The first lesson is that you won’t save time in the specification process by reducing the number of participants. We tried to hold a specification workshop with only two participants. After working thoroughly on our specification, making them self-explaining with examples, we validated our effort by getting the other developers to proof read them. The criteria that they where good enough was that the developers should be able to describe the requirements without any help from us. Our requirements where accepted without any changes, and we where satisfied with a job well done... until a couple of days later when some of the developers wanted to implement the features. The lengthy discussions we now had, where similar to the ones we had in the workshop just a few days earlier, but now with a different people. It was important issues to clarify, but we could have clarified them earlier. Luckily nothing was implemented which depended on these requirements, as is often the case in larger projects. That would have made it even more wasteful. My lesson out of this is: You don’t save time by reducing the number of participants in specification workshops, you will only end up with the same discussions over again, and at a later time in the development cycle.

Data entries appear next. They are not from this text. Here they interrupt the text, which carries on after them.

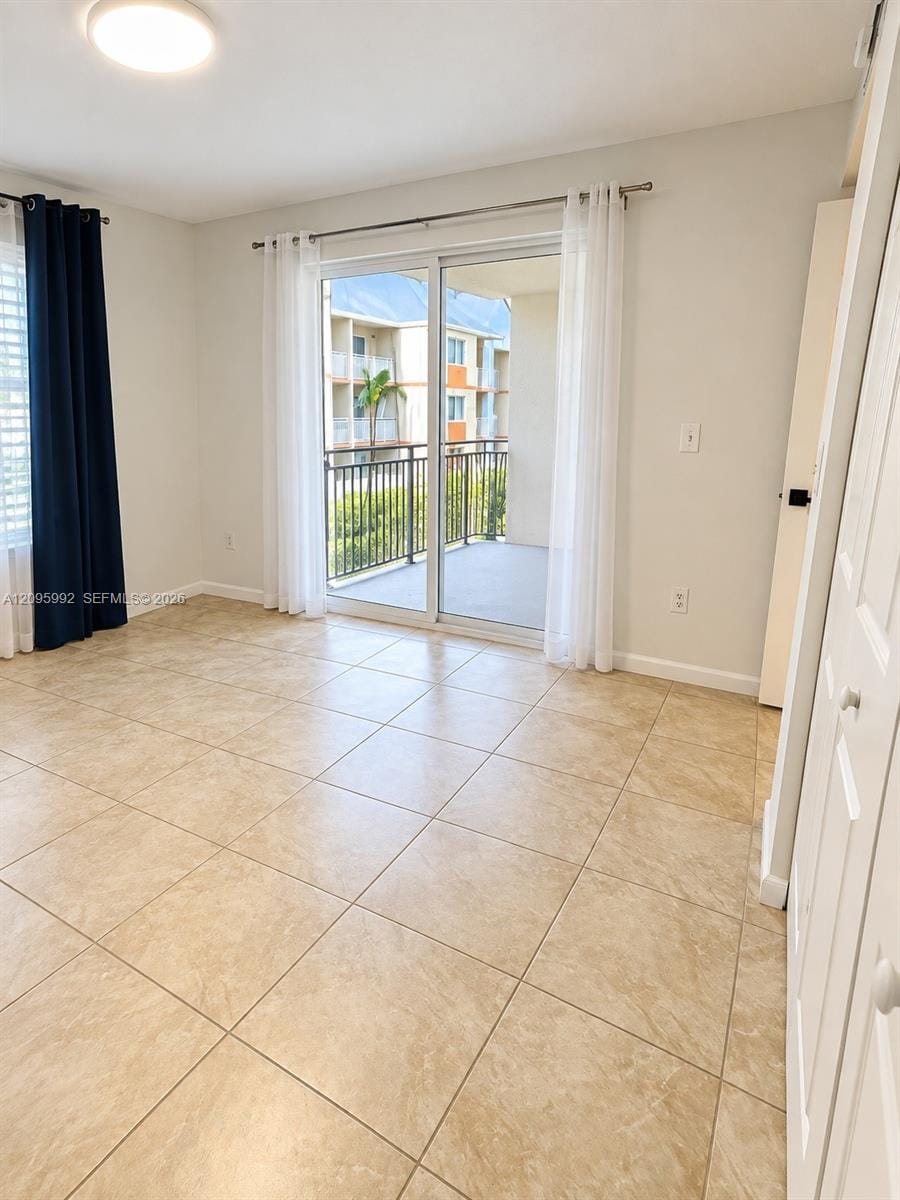 18870 NW 57th Avenue 202, Hialeah, FL 33015 photo 15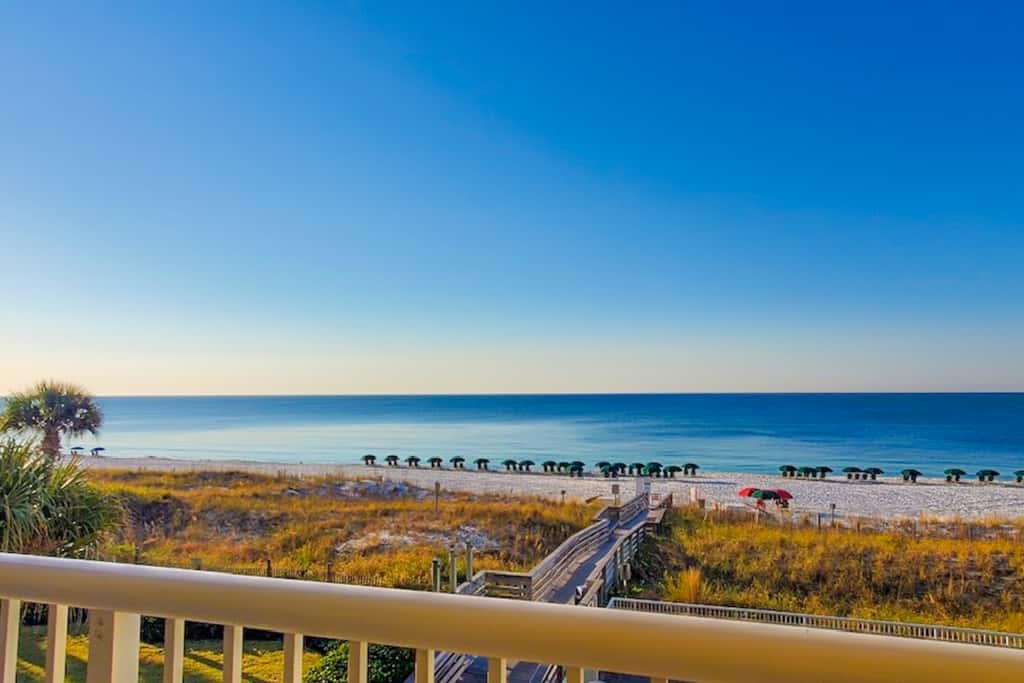 Beachfront 3rd Floor Condo w Private Balcony, Shared Heated Pool, Beach Access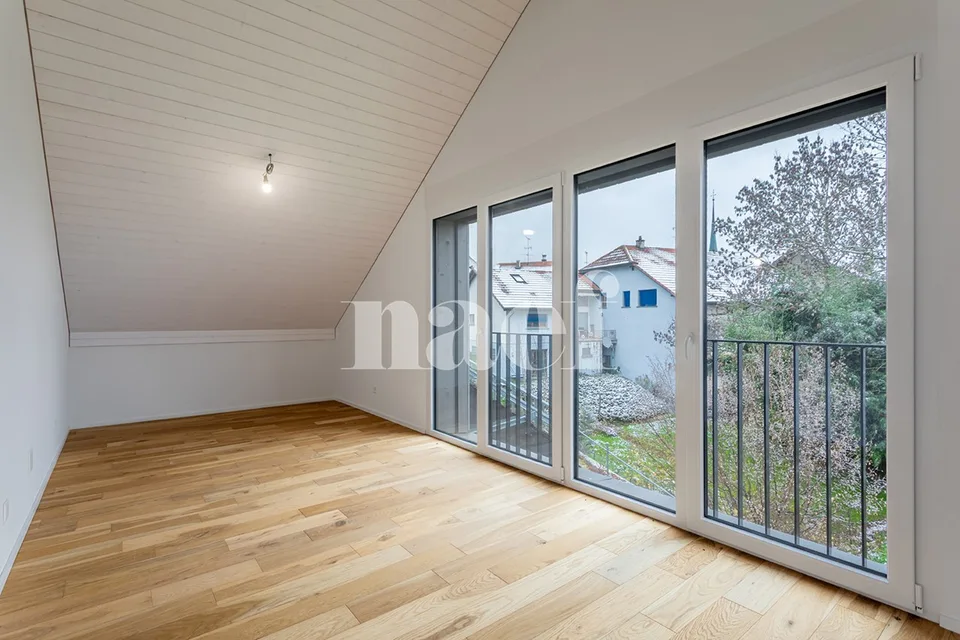 Magnifico appartamento di 5.5 locali nel sottotetto con loggia in vendita a St-Aubin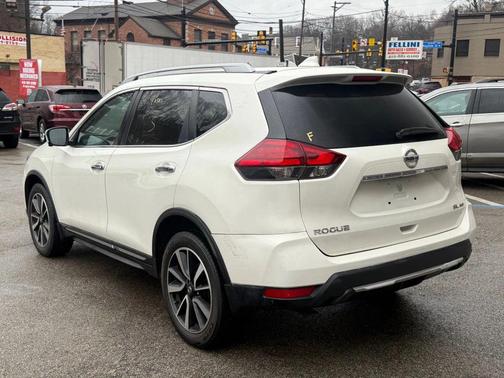 2017 Nissan Rogue SL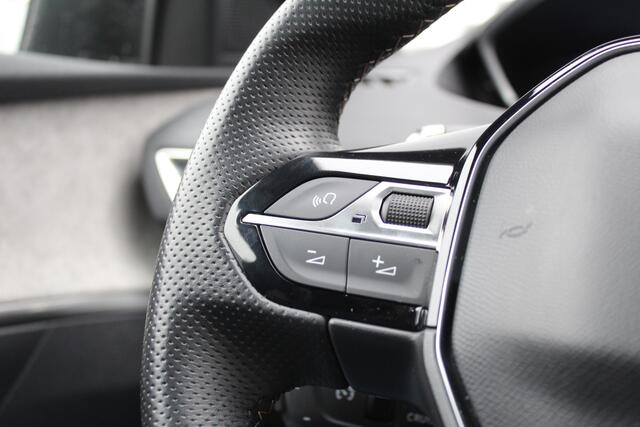 Peugeot 3008 1.6 HYbrid 225 GT | Nachtzicht | Panoramadak | Trekhaak | Navigatie | Camera | BLIS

The second lesson I (re)learned, is that creating good specifications is hard work. It is so easy to underestimate the time it takes to conceive and formulate specifications that are unambiguous and easy to read/understand. To specify two requirements with examples, we used almost two hours. That's an hour per requirement!! Obviously some time was spent getting our heads around the relative new way of writing specs(with examples that is) and settling for the right granularity for this application. But I remember sitting in the workshop looking at my watch and thinking that we should be more effective! And I honestly think that if this hadn’t been a project on our spare time with a focus on learning Specification by example, we would soon be cutting corners to produce more specifications in shorter time. And that is really bad! The sad thing is that this is a likely scenario in many projects, but you never see the costs of cutting these corners until development is well under way.The cost is often put down to development costs, and thus not showing the real cost of specification work. We all know that uncovering mistakes or misunderstandings in the requirements at this stage is many times as expensive as doing it ”right” in the first place, but until we accept that creating good specifications is hard work we will continue to waste time and money.